IronVelocity is an implementation of the Velocity Templating Language (VTL) for .Net.
You can find out more details on Velocity (including the syntax) at https://velocity.apache.org/engine/releases/velocity-1.5/user-guide.html
Razor is a very good markup language, with very good tooling in Visual Studio. This makes it a very good language for developers, however it can be a bit complicated if you want templates to be modifyable by non developers. A good example of where Velocity would be more suitable than Razor is a multi-tenant web application, in which you allow applicaiton owners to modify html fragments. Your users may have some technical expertiese without being developers, in which case the simpler Velocity syntax is easier to understand, and less error prone. Additional Velocity only allows code to be executed on the objects passed in to the template, whereas Razor would allow any arbitary .net code to be executed.

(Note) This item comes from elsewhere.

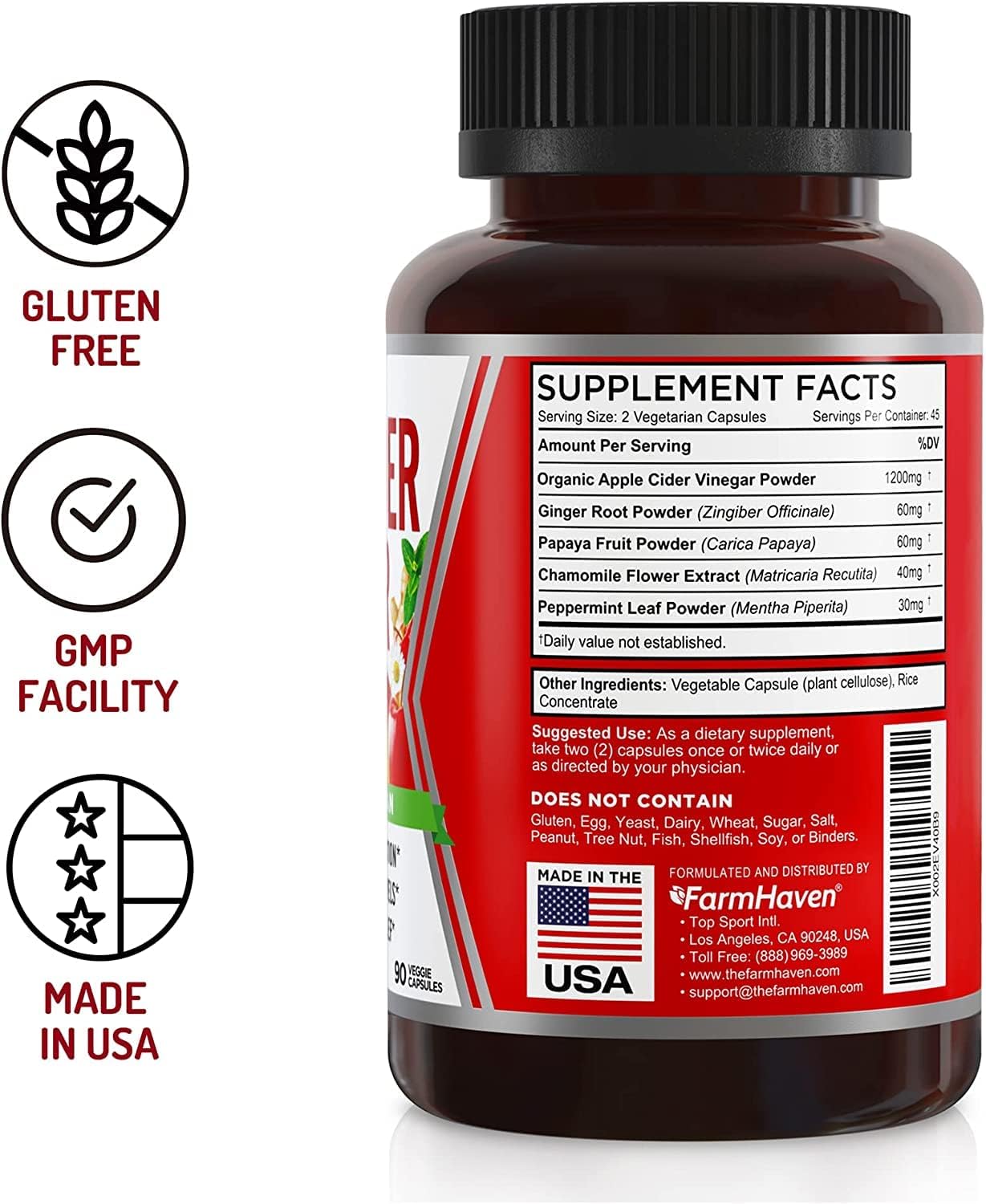 FarmHaven Apple Cider Vinegar Capsules with Ginger, Digestive Enzymes, Probiotics, and Herbs - 18 Ingredients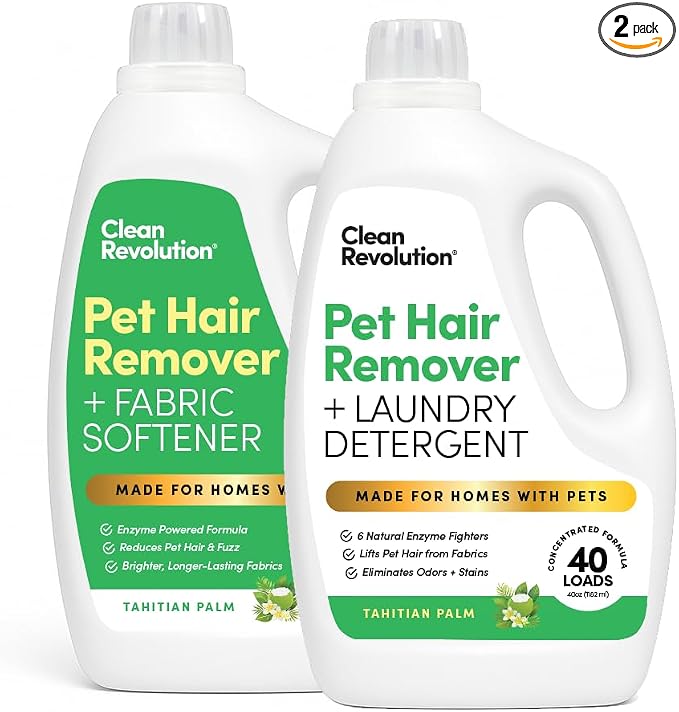 Clean Revolution Pet Hair Remover for Laundry 2-Pack – Removes Dog & Cat Hair Over Time – Enzyme Laundry Detergent & Fabric Softener, Odor Eliminator, Tahitian Palm, 40 oz Each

NVelocity is another implementation of Velocity for .Net. IronVelocity stil uses NVelocity for the parsing of the template, but differs in how it executes templates. The major differences are as follows:
- [+] IronVelocity compiles templates (as opposed to NVelocity which interprets the templates) which results in faster template execution (although at the cost of a higher startup time for the first execution)
- [+] IronVelocity uses the DLR for method and property invocation which is faster, but also means you can use dynamic objects in velocity templates
- [+] IronVelocity uses generic collections for lists and dictionaries which can result in nicer code when you pass velocity objects through to .net code.
- [-] IronVelocity doesn't currently support the #Parse or #Include directives. It also only has limited support for velocimacros (i.e. only enough to get other regression tests to pass).